In the eastern Syrian city of Mayadin, an Islamic State supporter who goes by the name of Abu Hamza al-Masri, said the militants had set up checkpoints in the last few months demanding money from passing cars and trucks. The money purportedly goes into a 'zakat' or 'alms' fund, but Abu Hamza admitted some sums go to pay bonuses or salaries of fighters.
"Passengers are asked to open their wallets ... in some instances they are threatened at gunpoint if they resist," said another Syrian secular activist in Deir ez-Zor contacted by Reuters via Whatsapp.
But extortion is not Islamic State's top money-spinner.

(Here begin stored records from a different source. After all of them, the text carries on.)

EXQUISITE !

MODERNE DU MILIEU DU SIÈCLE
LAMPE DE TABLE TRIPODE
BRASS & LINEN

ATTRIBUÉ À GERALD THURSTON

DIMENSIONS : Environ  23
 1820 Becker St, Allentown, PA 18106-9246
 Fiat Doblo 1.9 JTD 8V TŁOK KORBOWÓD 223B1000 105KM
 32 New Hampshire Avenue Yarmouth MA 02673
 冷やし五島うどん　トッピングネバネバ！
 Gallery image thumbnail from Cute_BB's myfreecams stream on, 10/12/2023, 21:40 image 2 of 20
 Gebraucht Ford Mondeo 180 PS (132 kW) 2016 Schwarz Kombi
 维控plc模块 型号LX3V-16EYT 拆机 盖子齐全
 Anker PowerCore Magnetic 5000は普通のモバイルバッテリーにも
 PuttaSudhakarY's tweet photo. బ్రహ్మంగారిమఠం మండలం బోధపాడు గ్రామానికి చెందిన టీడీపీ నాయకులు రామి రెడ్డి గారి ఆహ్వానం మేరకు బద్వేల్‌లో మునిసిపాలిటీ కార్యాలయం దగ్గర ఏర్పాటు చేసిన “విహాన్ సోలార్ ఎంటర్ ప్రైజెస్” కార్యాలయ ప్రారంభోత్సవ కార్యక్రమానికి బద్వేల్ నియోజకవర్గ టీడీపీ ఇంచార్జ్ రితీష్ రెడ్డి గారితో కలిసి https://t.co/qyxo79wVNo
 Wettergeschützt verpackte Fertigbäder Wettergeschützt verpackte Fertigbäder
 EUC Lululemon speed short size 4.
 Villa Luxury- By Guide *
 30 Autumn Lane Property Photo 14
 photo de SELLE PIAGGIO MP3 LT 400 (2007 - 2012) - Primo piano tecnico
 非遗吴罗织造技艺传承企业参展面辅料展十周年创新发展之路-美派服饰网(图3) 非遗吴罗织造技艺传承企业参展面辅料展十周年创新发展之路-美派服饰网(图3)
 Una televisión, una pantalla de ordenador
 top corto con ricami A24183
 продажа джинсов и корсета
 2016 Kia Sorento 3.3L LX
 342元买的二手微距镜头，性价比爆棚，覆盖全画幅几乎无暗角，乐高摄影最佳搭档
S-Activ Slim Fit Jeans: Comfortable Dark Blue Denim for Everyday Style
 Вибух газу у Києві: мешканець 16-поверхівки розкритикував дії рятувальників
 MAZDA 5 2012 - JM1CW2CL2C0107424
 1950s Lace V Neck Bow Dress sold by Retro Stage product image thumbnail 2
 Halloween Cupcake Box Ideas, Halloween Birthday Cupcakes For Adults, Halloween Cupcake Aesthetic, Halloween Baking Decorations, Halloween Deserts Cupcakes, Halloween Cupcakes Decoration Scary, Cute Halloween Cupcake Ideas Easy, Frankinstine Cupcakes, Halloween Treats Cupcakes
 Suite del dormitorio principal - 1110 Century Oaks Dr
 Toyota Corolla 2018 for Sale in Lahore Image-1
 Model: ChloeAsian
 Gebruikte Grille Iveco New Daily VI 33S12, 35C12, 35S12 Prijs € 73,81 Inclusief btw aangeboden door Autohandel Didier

Analysts and activists say the majority of the group's money comes from oil sales to local traders from wells under Islamic State control.
Luay Al-Khatteeb, a visiting fellow at the Brookings Doha Center who has done extensive research into Islamic State's oil smuggling, says the group now has access to five oilfields in Iraq, each of which have between 40 to 70 oil wells.
"They deal with a sophisticated network of middle men, some of whom are affiliated with the (Iraqi) oil companies. They have to pay various checkpoints to move around all these oil convoys and specifically to export the oil to Turkey," Khatteeb said.
"It is estimated that now, after recent territory losses, they can produce give or take 25,000 bpd, easily getting them about $1.2 million a day, on and off, even if they sell at a discount price of $25-$60 a barrel," Khatteeb said.
This volume of oil production would be on par with a small offshore field on the north slope of Alaska.
A high-level Iraqi security official put the number of oilfields under the group's control at four, with a fifth in contest between them and Kurdish peshmerga forces.
The group appears to have chosen areas of conquest carefully, with an eye to funding.
In the Syrian province of Raqqa, a stronghold of the group, the militants made sure they could effectively manage the area before moving on to conquer territory across the border in Iraq. They moved into Fallujah in Iraq's Anbar province in early 2014, before reaching Mosul in June, a major urban center.
"It's about controlling financial nodes. It's controlling commercial centres, it's controlling roads for checkpoints and there's no surprise in that, because there's significant value in that control. And the more finance you earn, the more you can develop. It's a reinforcing circuit," said Tom Keatinge, a finance and security analyst at the Royal United Services Institute (RUSI).
"There's no point in controlling acres of desert. You want to control the financial nodes so that you can continue to expand. You don't want to spread yourself too thin financially before you can operate effectively in an expanded area."
Documents from al-Qaida in Iraq captured by US forces near Iraq's Sinjar town in 2007 included reams of finance and expense reports, showing the group, a predecessor of Islamic State, "relied heavily on voluntary donations", says a 2008 report by West Point's Combating Terrorism Center.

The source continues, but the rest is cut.